On Friday, 21 August 2015 at 11:43:11 UTC, Steven Schveighoffer wrote:
On 8/21/15 7:34 AM, "Marc =?UTF-8?B?U2Now7x0eiI=?= <[email protected]>" wrote:
On Thursday, 20 August 2015 at 19:41:44 UTC, Jonathan M Davis wrote:
On Thursday, 20 August 2015 at 17:50:11 UTC, Steven Schveighoffer wrote:
if(arr != null)

Definitely don't do that. IMHO, "== null and "!= null" should be illegal. If you really want to check for null, then you need to use "is null" or "!is null", whereas if you want to check that an array is empty, check its length or call empty. By using "== null" or "!= null", you tend to give the false impression that you're checking
whether the object or array is null - which is not what you're
actually doing.

I disagree. `is null` is the one that should be illegal. `is` is supposed to do a bitwise comparison, but `null` is usually just a pointer/reference, while a slice consists of both a reference and a
length. Which of those are compared?

Both. null in this context is actually an array (with null pointer and zero length).

null is technically a no-type placeholder (defaulting to void * without context). In different contexts it means different things.

arr is null -> both pointer and length are 0
arr == null -> arr contains the same elements that null contains. arr.ptr == null -> arr contains a null pointer (length could technically be non-zero).

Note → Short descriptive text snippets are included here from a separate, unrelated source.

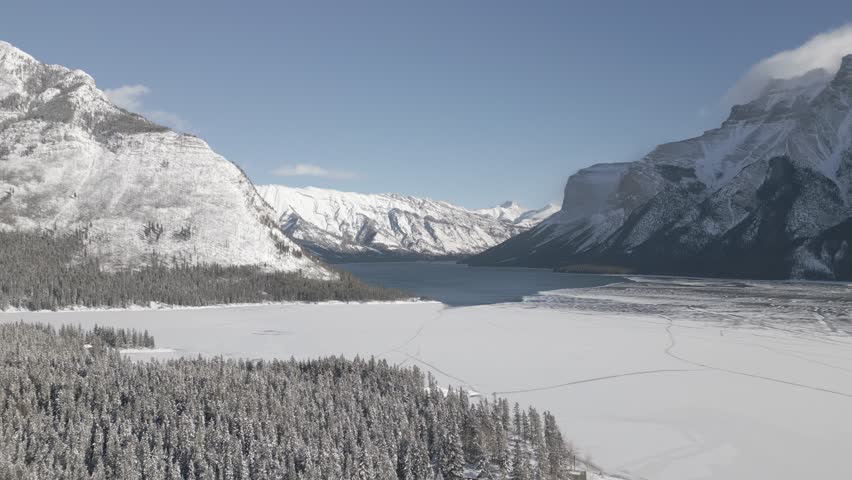 Aerial video flying over Banff National Park in winter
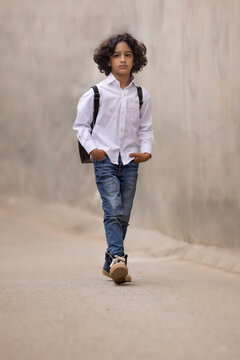 Little boy in school uniform walking down the street to school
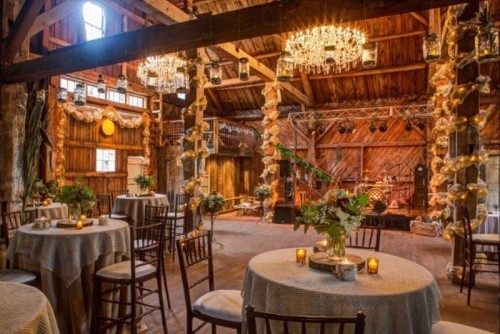 a rustic barn wedding reception space with chandeliers, white blooms, greenery and grey linens is a very welcoming and stylish space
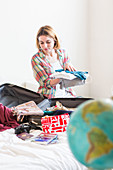 Woman packing a suitcase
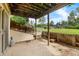 Enjoy the outdoors on this charming back porch with concrete floors and lush landscaping at 6856 S Broadway, Centennial, CO 80122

For all intents and purposes

arr is null

is equivalent to

arr.ptr is null

ptr is a read-only property, so you can only set the ptr to null if you set the array to null by assigning it null explicitly or by assigning it an array which is null. "is null" is how you're supposed to check pointers and references for null - explicitly comparing a class object to null with == is actually illegal - and I see no reason that arrays should be any different.

Regardless, using "is null" actually checks for whether an array is null, whereas "== null" checks whether it's empty and doesn't care about the ptr value - which is _not_ what most programmers are going to expect when you compare something against null.